Tuesday, March 24, 2009

Every day is Strange

Today was a strange day.  Maybe all days are strange?  In the morning I heard that Tricycle magazine will use my mixed media "Forest Buddha" in their summer issue, yay!  In the evening when I talked to my mother on the phone she told me that the doctor had been round to visit her and she has decided to slowly go off the medications she takes, in an effort "to speed up the process" as she puts it.  She is 94 and has multiple health issues and as she sometimes likes to say, she is half dead and the other half refuses to go.  

If you've read this blog before you will know that my relationship with my mother is not an easy one.  I find her prickly and difficult.  So here is the challenge.  Of course I want to be compassionate and helpful to my mother through her process of leaving this world, at least some part of me does.  But to be very truthful a part of me doesn't want to do the work, feel the pain, or just be with her.  In many ways it would be easier to feel angry toward her and push her away, to grumble and blame.  And there in lies my work, to do the best I can, to try to be helpful, yet to acknowledge my own humanness.  So it will be an interesting ride.  Part of me eyes her suspiciously, what will she get up to now?  Part of me feels exhausted before I even start.  Couldn't I buy a ticket to somewhere else? (also today a friend sent me an email that said "Discover the Buddha by Indian Rail")  Doesn't that sound more interesting?  But here I am and I will muddle along this leg of the journey as best I can, sometimes with a flat tire, sometimes on my bike, with the wind in my hair.  

My mother knows how to push my buttons, that's for sure.  I used to think it was intentional but I have come to see recently (as I peel off the layers of projection) that in truth she doesn't know how to be anything but prickly.  She is like a little porcupine trapped inside that shell of quills, firing them off in all directions.  She doesn't even know that she can take this little costume off any time she likes, in fact she believes the zipper is stuck and she can't possibly get out.

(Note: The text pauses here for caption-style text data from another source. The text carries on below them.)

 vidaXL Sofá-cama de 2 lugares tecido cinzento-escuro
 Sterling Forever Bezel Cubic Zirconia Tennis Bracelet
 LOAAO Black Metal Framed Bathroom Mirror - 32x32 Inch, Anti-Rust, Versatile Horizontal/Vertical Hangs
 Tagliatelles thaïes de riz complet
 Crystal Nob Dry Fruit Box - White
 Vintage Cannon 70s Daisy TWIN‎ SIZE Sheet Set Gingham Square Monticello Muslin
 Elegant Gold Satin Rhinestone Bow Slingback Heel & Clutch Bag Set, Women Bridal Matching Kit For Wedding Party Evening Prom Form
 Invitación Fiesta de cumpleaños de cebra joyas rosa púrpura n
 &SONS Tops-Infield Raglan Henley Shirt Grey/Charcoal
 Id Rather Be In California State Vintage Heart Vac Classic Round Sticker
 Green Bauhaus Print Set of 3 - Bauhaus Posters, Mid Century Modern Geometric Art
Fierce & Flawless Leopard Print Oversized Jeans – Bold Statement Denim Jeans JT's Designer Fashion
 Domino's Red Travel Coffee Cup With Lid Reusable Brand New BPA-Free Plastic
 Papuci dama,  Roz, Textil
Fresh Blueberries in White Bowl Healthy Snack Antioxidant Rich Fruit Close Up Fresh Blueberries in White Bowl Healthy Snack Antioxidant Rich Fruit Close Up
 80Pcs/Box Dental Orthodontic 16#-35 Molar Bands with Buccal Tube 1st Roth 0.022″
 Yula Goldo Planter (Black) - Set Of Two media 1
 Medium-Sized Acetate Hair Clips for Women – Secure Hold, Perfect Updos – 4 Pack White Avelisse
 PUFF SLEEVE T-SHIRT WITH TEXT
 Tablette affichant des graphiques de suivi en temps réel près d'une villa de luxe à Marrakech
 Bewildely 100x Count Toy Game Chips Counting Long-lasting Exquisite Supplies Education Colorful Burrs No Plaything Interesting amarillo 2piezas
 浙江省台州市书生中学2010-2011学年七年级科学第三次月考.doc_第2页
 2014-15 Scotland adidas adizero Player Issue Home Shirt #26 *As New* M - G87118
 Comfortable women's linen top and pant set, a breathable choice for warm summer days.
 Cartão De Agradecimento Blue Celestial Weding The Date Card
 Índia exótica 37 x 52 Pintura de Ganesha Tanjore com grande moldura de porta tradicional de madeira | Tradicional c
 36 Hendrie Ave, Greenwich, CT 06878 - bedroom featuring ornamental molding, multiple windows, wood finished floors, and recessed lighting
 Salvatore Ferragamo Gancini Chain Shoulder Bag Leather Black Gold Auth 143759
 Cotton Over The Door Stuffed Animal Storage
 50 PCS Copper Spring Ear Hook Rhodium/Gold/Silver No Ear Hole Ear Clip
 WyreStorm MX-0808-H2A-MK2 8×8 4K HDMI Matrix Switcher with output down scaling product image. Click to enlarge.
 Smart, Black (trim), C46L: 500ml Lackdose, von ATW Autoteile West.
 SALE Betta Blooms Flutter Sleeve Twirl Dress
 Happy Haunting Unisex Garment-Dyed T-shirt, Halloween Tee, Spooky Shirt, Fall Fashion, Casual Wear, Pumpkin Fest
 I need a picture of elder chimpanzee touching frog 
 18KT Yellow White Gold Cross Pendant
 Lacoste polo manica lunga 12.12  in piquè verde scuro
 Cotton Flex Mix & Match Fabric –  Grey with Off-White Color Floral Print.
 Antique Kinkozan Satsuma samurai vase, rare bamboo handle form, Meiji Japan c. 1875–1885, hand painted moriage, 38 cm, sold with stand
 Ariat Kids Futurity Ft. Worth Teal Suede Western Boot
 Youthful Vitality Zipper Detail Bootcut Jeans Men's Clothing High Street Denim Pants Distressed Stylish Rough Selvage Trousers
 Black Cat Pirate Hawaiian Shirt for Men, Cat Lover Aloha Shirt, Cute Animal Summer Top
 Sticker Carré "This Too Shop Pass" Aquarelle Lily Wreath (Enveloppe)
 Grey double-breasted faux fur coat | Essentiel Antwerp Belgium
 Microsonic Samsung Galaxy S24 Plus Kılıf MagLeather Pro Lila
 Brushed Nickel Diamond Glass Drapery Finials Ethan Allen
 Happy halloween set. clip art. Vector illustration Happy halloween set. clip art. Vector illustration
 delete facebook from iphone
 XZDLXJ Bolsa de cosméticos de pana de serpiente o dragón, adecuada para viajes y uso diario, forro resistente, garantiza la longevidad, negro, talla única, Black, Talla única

I have picked an old book from the shelf this evening, Sogyal Rinpoche's "The Tibetan Book of Living and Dying".  It will be good to read this, although at this point I can feel the hard knot of resistance in me, this feeling of my mother making me do this, of wanting something from me.  We have a long history of this.  In the book, Rinpoche says "the dying need our unconditional love, but in some situations this may be far from easy.  We may have a long history of suffering with this person ...."  And then he suggest two ways of working with this "first, look at the dying person in front of you and think of that person as just like you, with the same needs, the same fundamental desire to be happy and avoid suffering, the same loneliness, the same fear of the unknown .... The second way, and I have found this even more powerful, is to put yourself directly and unflinchingly in the dying person's place. ... What would you most need? like?"  Not bad advice for being with the living either, don't you think?  So if my mother is the porcupine, I am the furtive little ground squirrel, peeking my head out of it's hole, hoping not to get my furry little self ripped or torn.  Wish me luck and courage.

7 comments:

  1. My heart goes out to you after reading this blog today. I know, I know, I know... The mother thing. I too am entangled in a dance with my mother that is most unpleasant, and feel all those feelings that you do! I struggle with this issue all the time, especially since any contact with her seems to anger me - all the time. Yes, part of it is this self-centered orientation that you've also talked about. But there seems to be so much more...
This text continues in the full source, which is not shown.